GUI Interface to S.M.A.R.T. Data
In HPC systems, you like to get quick answers from monitoring tool to understand the general status of your systems. You can do this by writing some simple scripts and using the smartctl tool. In fact, it’s a simple thing you can do to improve the gathering of data on system status (Google used BigTable, their NoSQL database, along with MapReduce to process all of their S.M.A.R.T. data). Remembering all the command options and looking at rows of test can be a chore sometimes. If your systems are small enough, such as a workstation, or if you need to get down and dirty with a single node, then GSmartControl is a wonderful GUI tool for interacting with S.M.A.R.T. data.

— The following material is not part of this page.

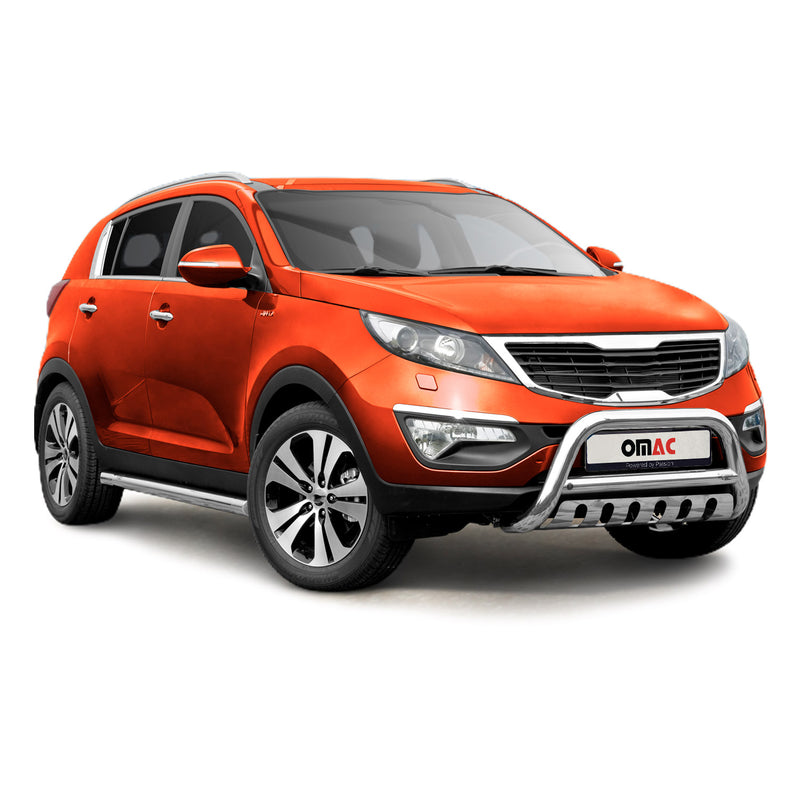 Protezione anteriore per Kia Sportage 2010-2015 con ABE in acciaio inox argento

I won’t take too much time to talk about GSmartControl or how to install it, but I do want to show you some simple screenshots of the tool. Figure 1 shows the devices it can monitor.
You can see that this system has four storage devices. Clicking on a device (/dev/sdd) and More shows more information (Figure 2).
You can see that S.M.A.R.T. is enabled on the device and that it passed the basic health check. If you double-click the device icon, you get much more information (Figure 3).
This dialog box has a myriad of details and functions available. The tabs supply information about attributes, tests, logs, and so on, and you can launch tests from the Perform Tests tab.
Summary
S.M.A.R.T. is an interesting technology as a standard way of communicating from the OS to the drives, but the actual information in the drives, the attributes, is non-standard. Some of the information between manufacturers and drives is fairly similar, though, allowing you to gather some common information, but because S.M.A.R.T. attributes are not standard, smartmontools might not know about your particular drive (or RAID card). It may take some work to get it to understand the attributes of your particular drive.
S.M.A.R.T. can be an asset for administrators, and home users. Probably its best role is to watch the history of storage devices. Simple scripts allow you to query your drives and collect that information, either by itself or as part of a monitoring system, such as Ganglia. If you want a more GUI-oriented approach, GSmartControl can be used for many of the smartctl command-line options.